Module 0: Introduction to Text Encoding and the TEI

4. XML: Ground Rules

4.1. Recommendation

XML is a metalanguage by which one can create separate markup languages for separate purposes. It is platform-, software-, and system-independent and no-one “owns” XML, although specific XML markup languages can be owned by their creators. Generally speaking, XML empowers the content provider and facilitates data integration, exchange, maintenance, and extraction. XML is currently the de facto standard on the World Wide Web partly because HTML (Hypertext Markup Language) was rephrased as an XML encoding language. XML is edited and managed by the W3C which also published the specification as a recommendation in 1998 (Bray, Paoli, and Sperberg-McQueen 1998).

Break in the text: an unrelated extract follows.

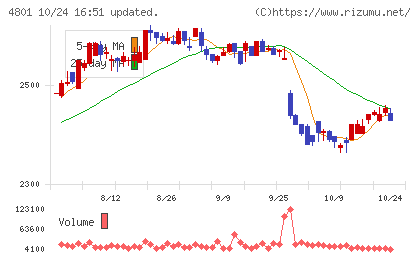 セントラルスポーツチャート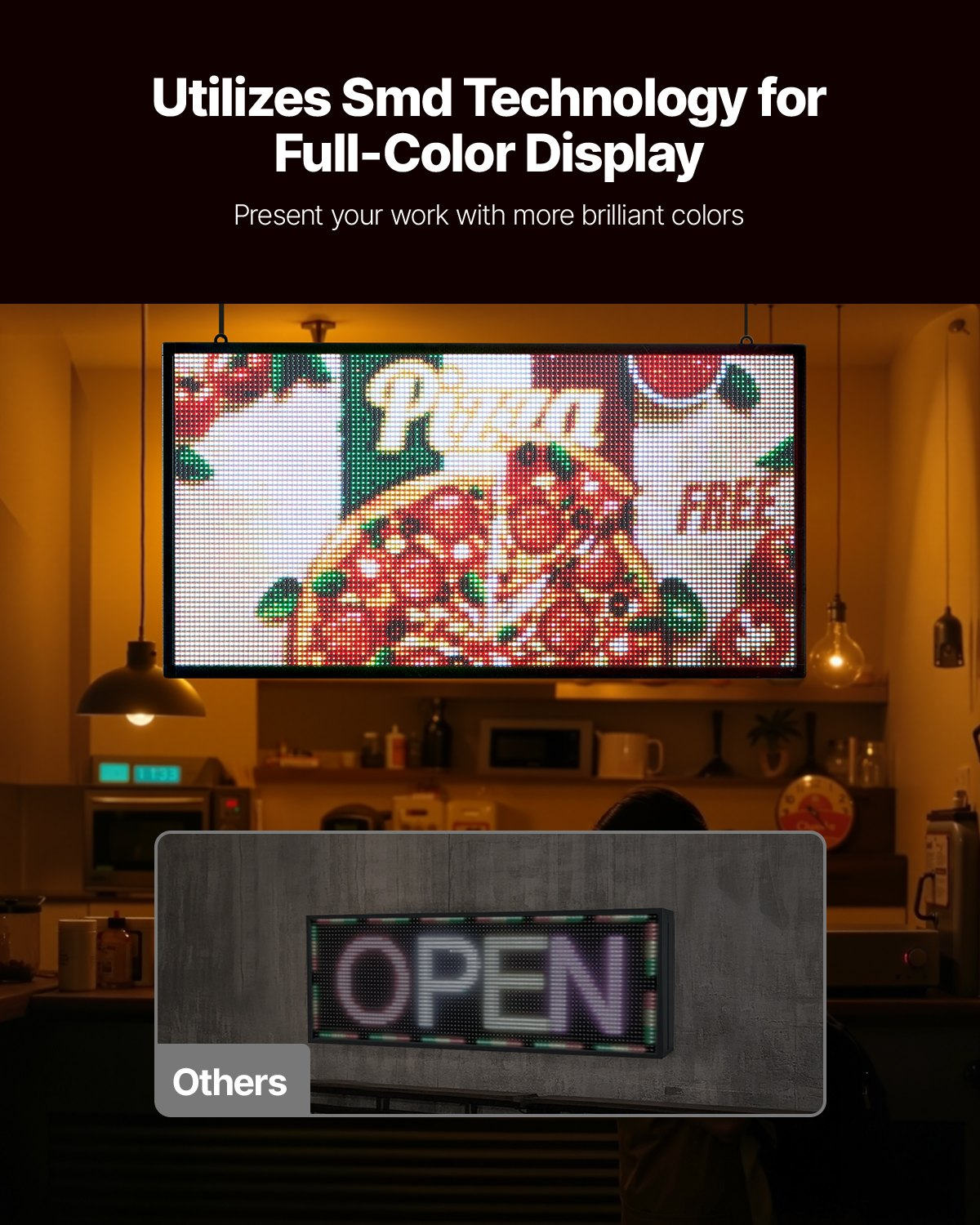 27×14 in Programmable LED Sign Digital Scrolling Display Board P5 Full-color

The big selling point of XML is that it is text-based. This means that each XML encoding language is entirely built up in ASCII (American Standard Code for Information Interchange), or plain text, and can be created and edited using a simple text-editor like Notepad or its equivalents on other platforms. However, when you start working with XML, you will soon find that it is better to edit XML documents using a professional XML editor. While plain text-editors don’t know that you’re writing TEI, XML editors will help you write error-free XML documents, validate your XML against a DTD or a schema, force you to stick to a valid XML structure, and enable you to perform transformations.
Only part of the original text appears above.